Records supplied:
'''
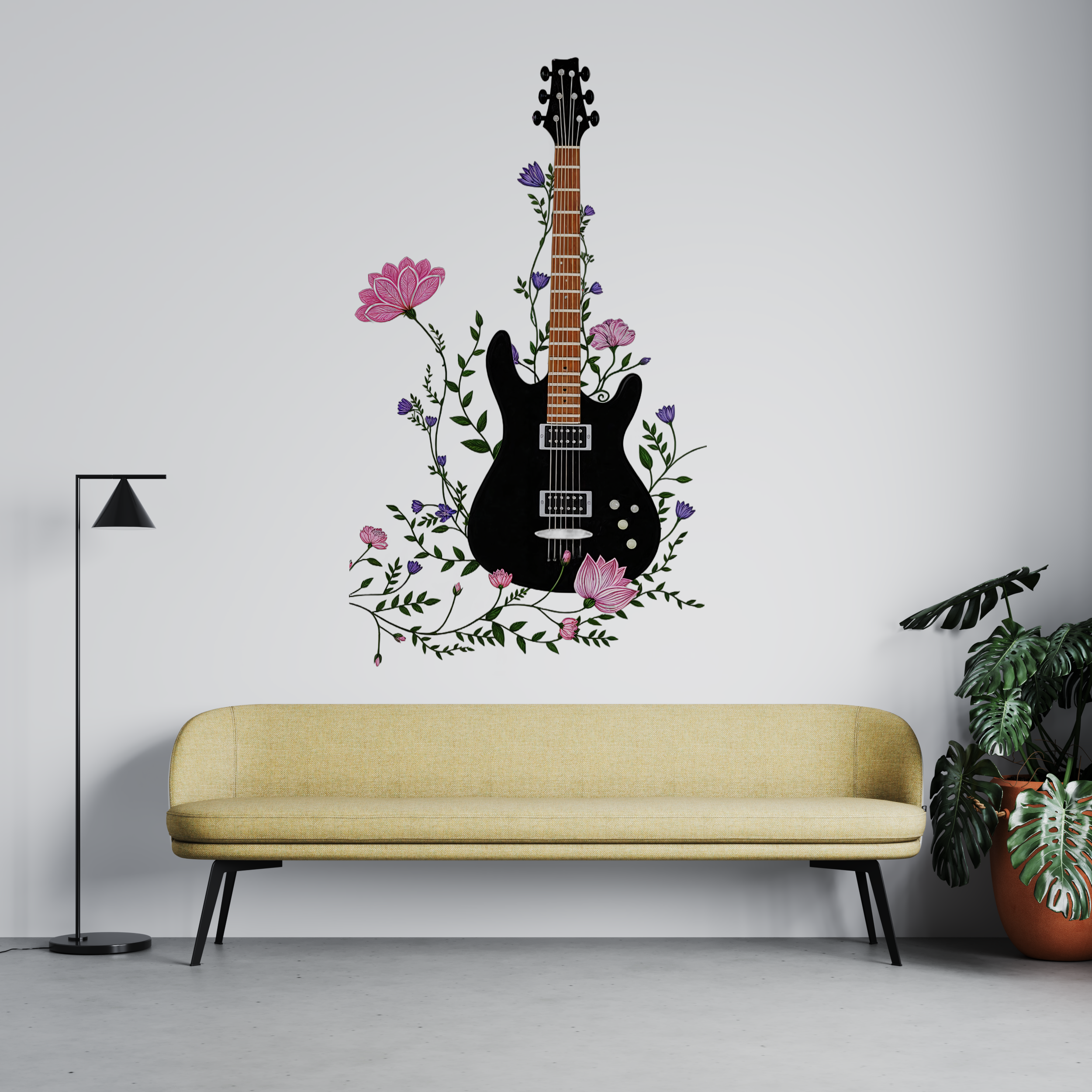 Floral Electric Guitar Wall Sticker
'''
'''
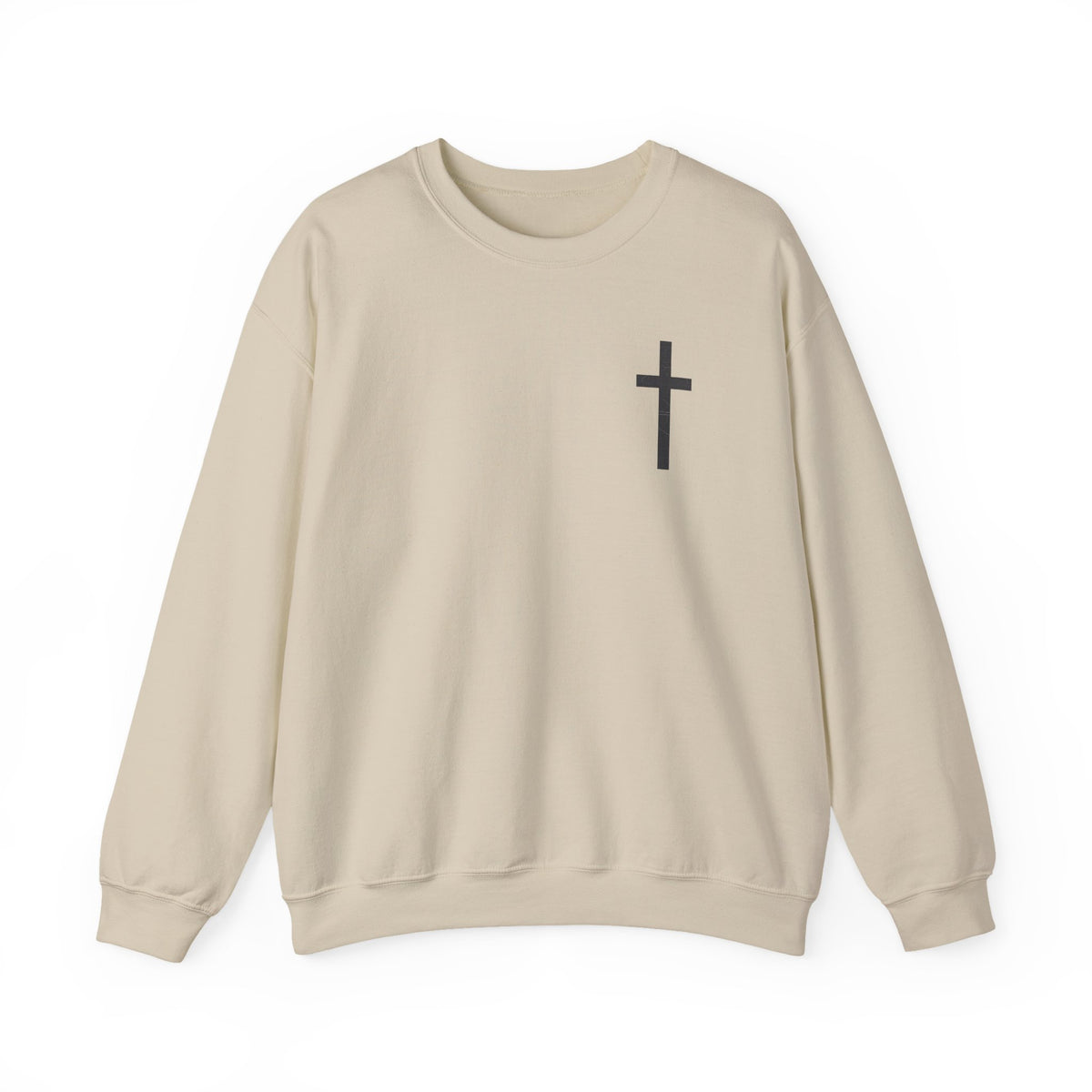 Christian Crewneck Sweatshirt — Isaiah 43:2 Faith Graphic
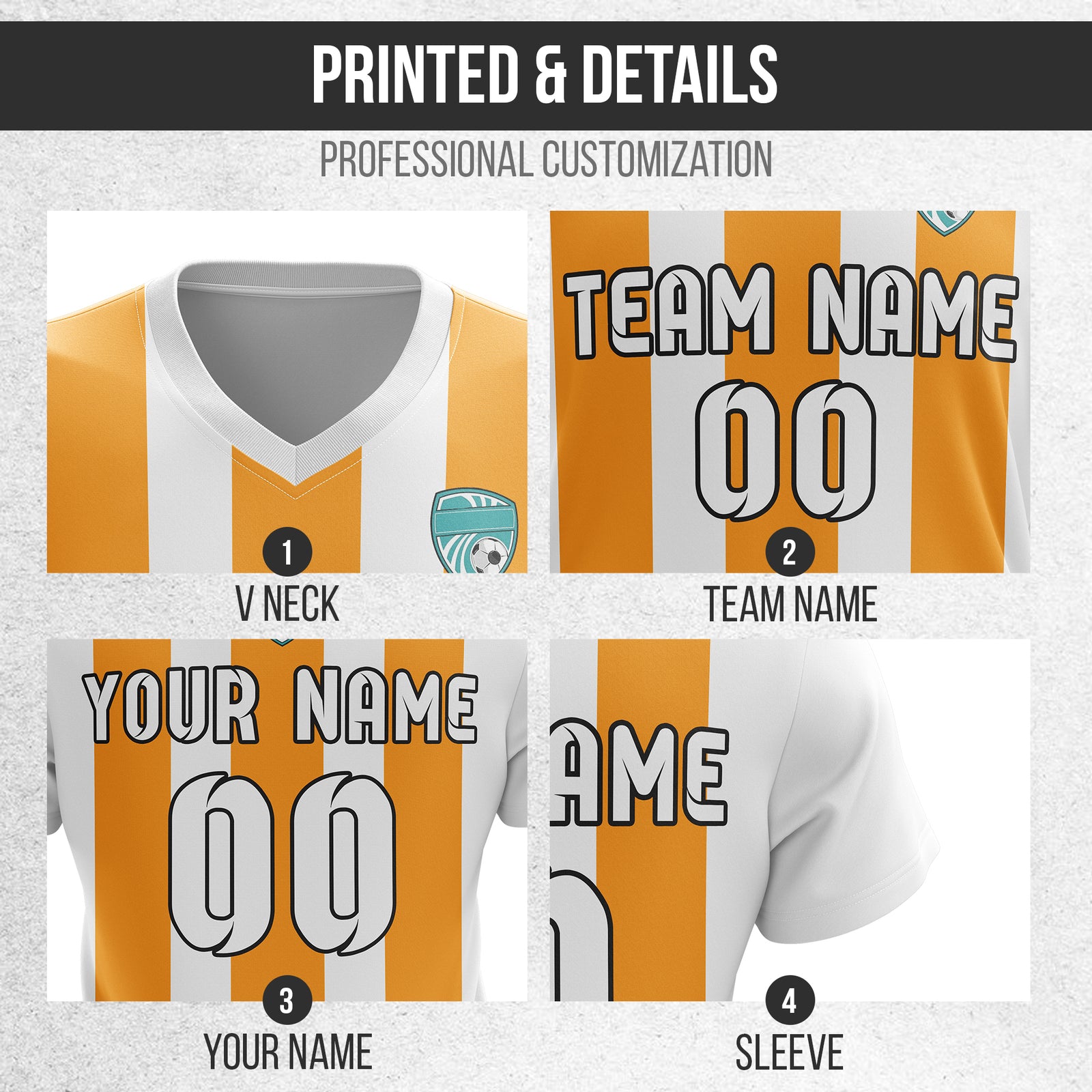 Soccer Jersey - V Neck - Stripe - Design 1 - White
'''
'''
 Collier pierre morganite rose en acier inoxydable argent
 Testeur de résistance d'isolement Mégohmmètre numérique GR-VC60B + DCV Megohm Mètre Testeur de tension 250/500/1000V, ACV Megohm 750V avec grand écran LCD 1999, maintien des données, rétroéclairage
'''
Task to carry out: Only one stretch of the listing is wanted: the lines starting at the one with "Christian Crewneck Sweatshirt" and ending at the one with "Soccer Jersey - V", copied exactly and free of pictures.

Completed exercise:
 Christian Crewneck Sweatshirt — Isaiah 43:2 Faith Graphic
 Soccer Jersey - V Neck - Stripe - Design 1 - White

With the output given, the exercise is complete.